=== Section Start ===

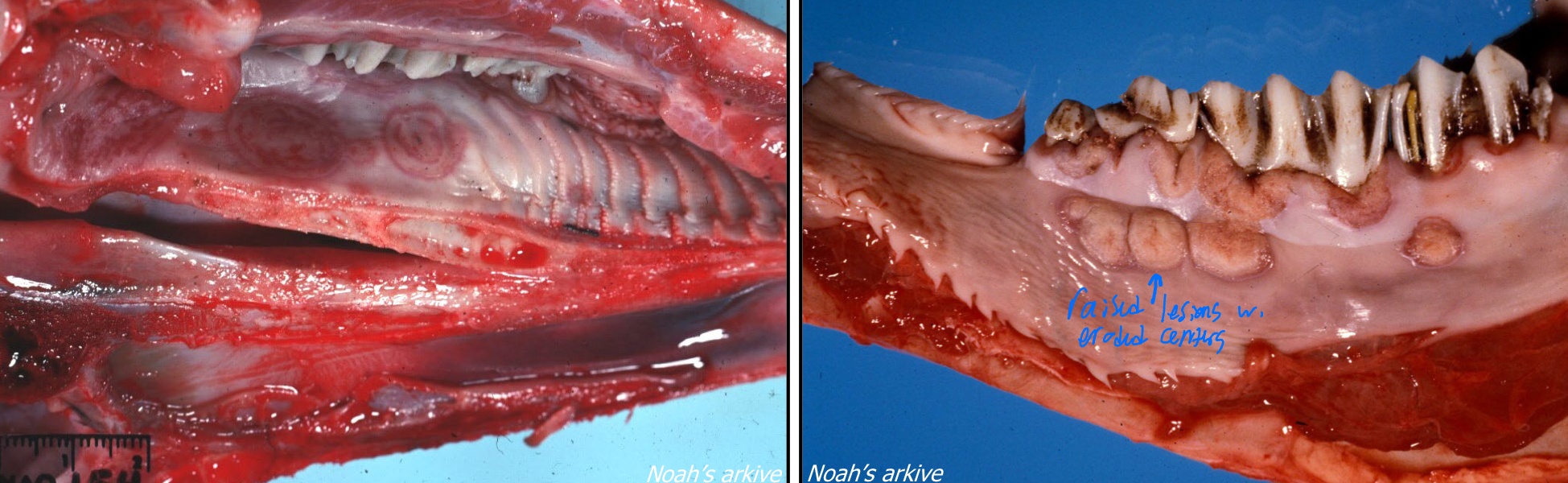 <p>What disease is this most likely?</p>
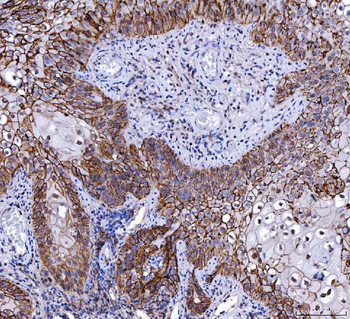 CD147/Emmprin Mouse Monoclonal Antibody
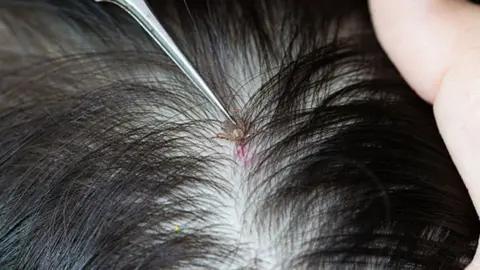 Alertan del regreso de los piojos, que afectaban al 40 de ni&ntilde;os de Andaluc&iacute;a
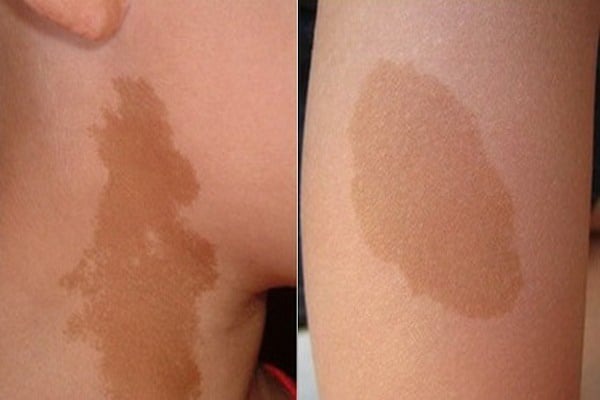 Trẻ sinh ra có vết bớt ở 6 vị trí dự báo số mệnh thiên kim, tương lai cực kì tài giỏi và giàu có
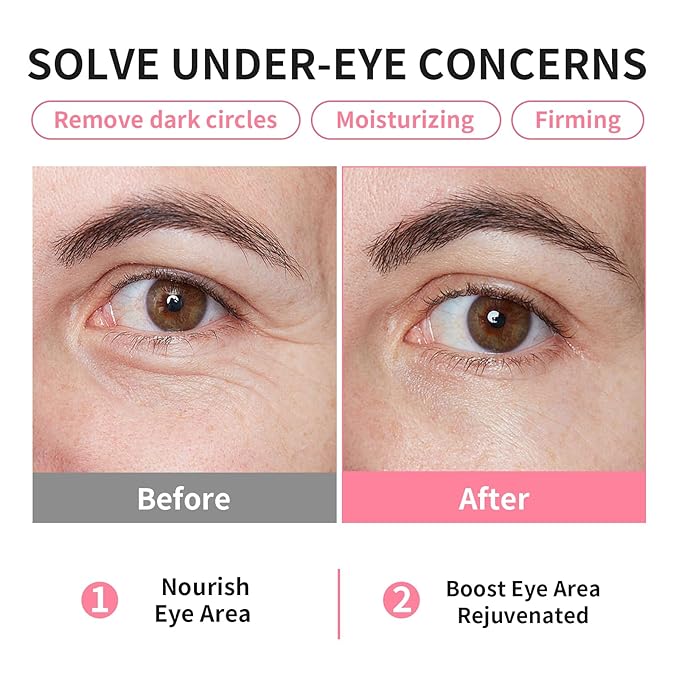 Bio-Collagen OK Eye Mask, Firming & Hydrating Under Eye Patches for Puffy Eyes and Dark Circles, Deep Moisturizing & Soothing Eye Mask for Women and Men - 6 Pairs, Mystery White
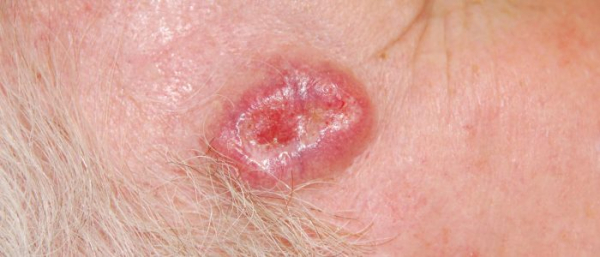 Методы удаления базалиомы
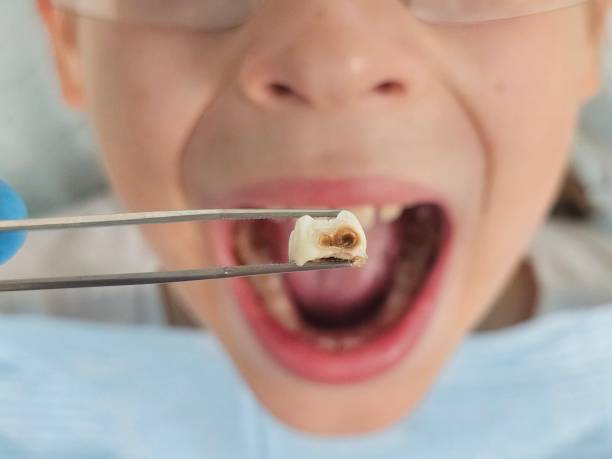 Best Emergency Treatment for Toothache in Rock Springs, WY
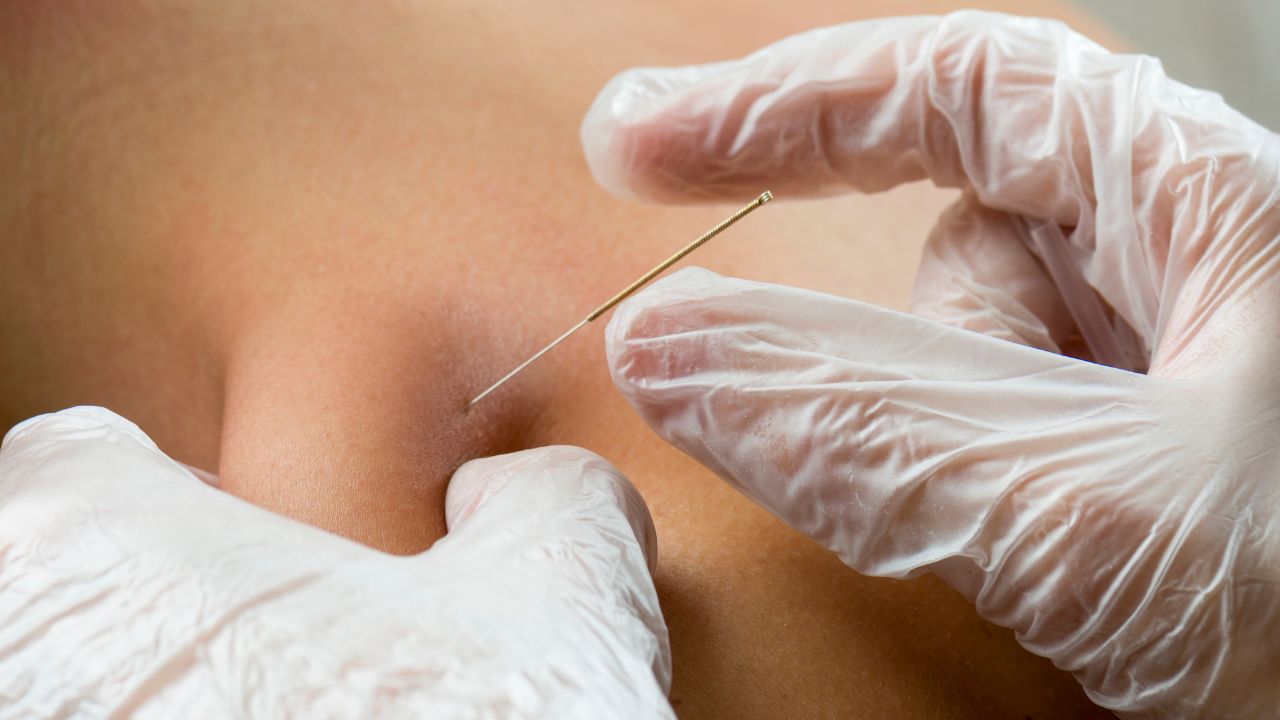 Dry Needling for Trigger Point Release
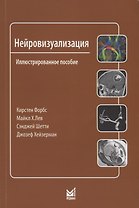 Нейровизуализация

=== Section End ===

[TASK REQUIREMENTS]: Each line from the one containing "Bio-Collagen OK Eye" through the end of the records above is to be retyped exactly, with the pictures omitted and nothing added.

[ANSWER TO THIS TASK]:
 Bio-Collagen OK Eye Mask, Firming & Hydrating Under Eye Patches for Puffy Eyes and Dark Circles, Deep Moisturizing & Soothing Eye Mask for Women and Men - 6 Pairs, Mystery White
 Методы удаления базалиомы
 Best Emergency Treatment for Toothache in Rock Springs, WY
 Dry Needling for Trigger Point Release
 Нейровизуализация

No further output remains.